Word2Vec

Description

Is a technique in natural language processing (NLP) for obtaining vector representations of words. These vectors capture information about the meaning of the word based on the surrounding words. The word2vec algorithm estimates these representations by modelling text in a large corpus. Once trained, such a model can detect synonymous words or suggest additional words for a partial sentence.

Word2vec represents a word as a high-dimension vector of numbers which capture relationships between words. In particular, words which appear in similar contexts are mapped to vectors which are nearby as measured by cosine similarity. This indicates the level of semantic similarity between the words, so for example the vectors for walk and ran are nearby, as are those for but and however, and Berlin and Germany.

This means we can also perform vector arithmetic with the word vectors. For example:

Queen = King - Man + Woman

Varieties

It does so in one of two ways, either using context to predict a target word (a method known as continuous bag of words, or CBOW), or using a word to predict a target context, which is called skip-gram.

Example

A Word2vec sample with a custom vocabulary:

import pandas as pd
import numpy as np
from urllib import request
from gensim.models import Word2Vec

# Get the playlist dataset file
data = request.urlopen('https://storage.googleapis.com/maps-premium/dataset/yes_complete/train.txt')

# Parse the playlist dataset file. Skip the first two lines as they only contain metadata
lines = data.read().decode("utf-8").split('\n')[2:]

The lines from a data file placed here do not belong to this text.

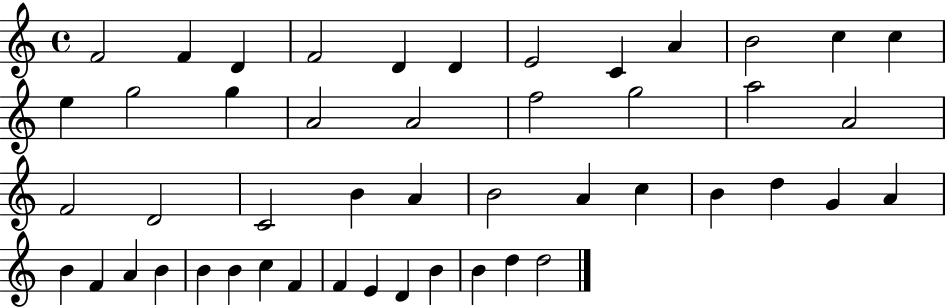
X:1
T:Untitled
M:4/4
L:1/4
K:C
F2 F D F2 D D E2 C A B2 c c e g2 g A2 A2 f2 g2 a2 A2 F2 D2 C2 B A B2 A c B d G A B F A B B B c F F E D B B d d2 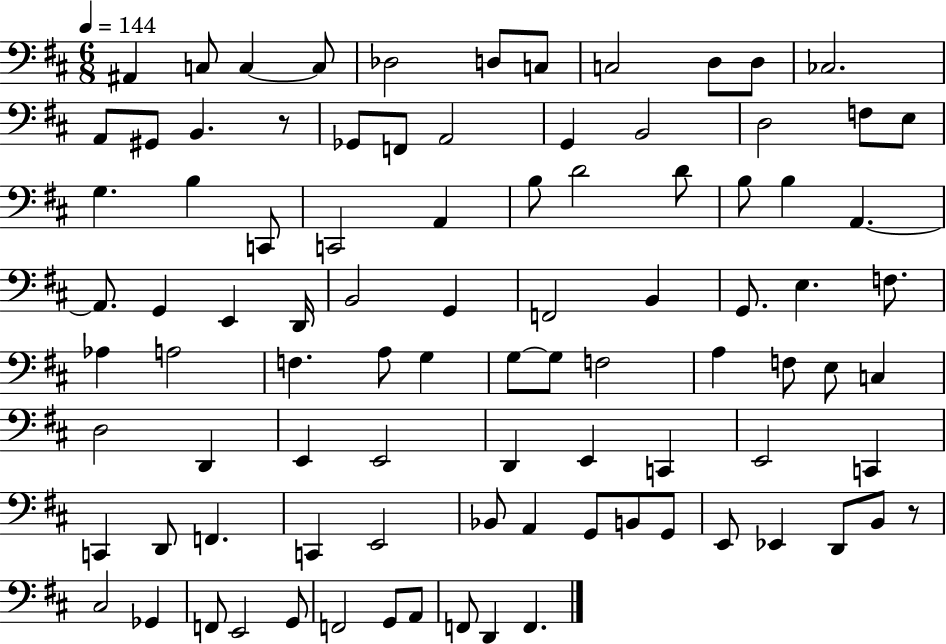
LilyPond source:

{
  \clef bass
  \numericTimeSignature
  \time 6/8
  \key d \major
  \tempo 4 = 144
  ais,4 c8 c4~~ c8 | des2 d8 c8 | c2 d8 d8 | ces2. | \break a,8 gis,8 b,4. r8 | ges,8 f,8 a,2 | g,4 b,2 | d2 f8 e8 | \break g4. b4 c,8 | c,2 a,4 | b8 d'2 d'8 | b8 b4 a,4.~~ | \break a,8. g,4 e,4 d,16 | b,2 g,4 | f,2 b,4 | g,8. e4. f8. | \break aes4 a2 | f4. a8 g4 | g8~~ g8 f2 | a4 f8 e8 c4 | \break d2 d,4 | e,4 e,2 | d,4 e,4 c,4 | e,2 c,4 | \break c,4 d,8 f,4. | c,4 e,2 | bes,8 a,4 g,8 b,8 g,8 | e,8 ees,4 d,8 b,8 r8 | \break cis2 ges,4 | f,8 e,2 g,8 | f,2 g,8 a,8 | f,8 d,4 f,4. | \break \bar "|."
}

# Remove playlists with only one song
playlists = [s.rstrip().split() for s in lines if len(s.split()) > 1]

# Load song metadata
songs_file = request.urlopen('https://storage.googleapis.com/maps-premium/dataset/yes_complete/song_hash.txt')
songs_file = songs_file.read().decode("utf-8").split('\n')
songs = [s.rstrip().split('\t') for s in songs_file]
songs_df = pd.DataFrame(data=songs, columns=['id', 'title', 'artist'])
songs_df = songs_df.set_index('id')

# Train our Word2Vec model
model = Word2Vec(playlists, vector_size=32, window=20, negative=50, min_count=1, workers=4)

def print_recommendations(song_id):
    similar_songs = np.array(model.wv.most_similar(positive=str(song_id), topn=5))[:, 0]
    return songs_df.iloc[similar_songs]

# Extract recommendations
print_recommendations(2172)

Vs TF-IDF & One Hot Encoding

In the Word2Vec method, unlike One Hot Encoding and TF-IDF methods, an unsupervised learning process is performed. Unlabeled data is trained via artificial neural networks to create the Word2Vec model that generates word vectors. Unlike other methods, the vector size is less than the number of unique words in the corpus. The vector size can be selected according to the corpus size and the type of project. This is particularly beneficial for huge data. For example, if we assume that there are 300,000 unique words in a large corpus when vector creation is performed with One Hot Encoding, a vector of 300,000 size is created for each word, with the value of only one element of 1, and the others 0. However, by choosing the vector size 300 (it can be more or less depending on the user's choice) on the Word2Vec side, unnecessary large-size vector operations are avoided.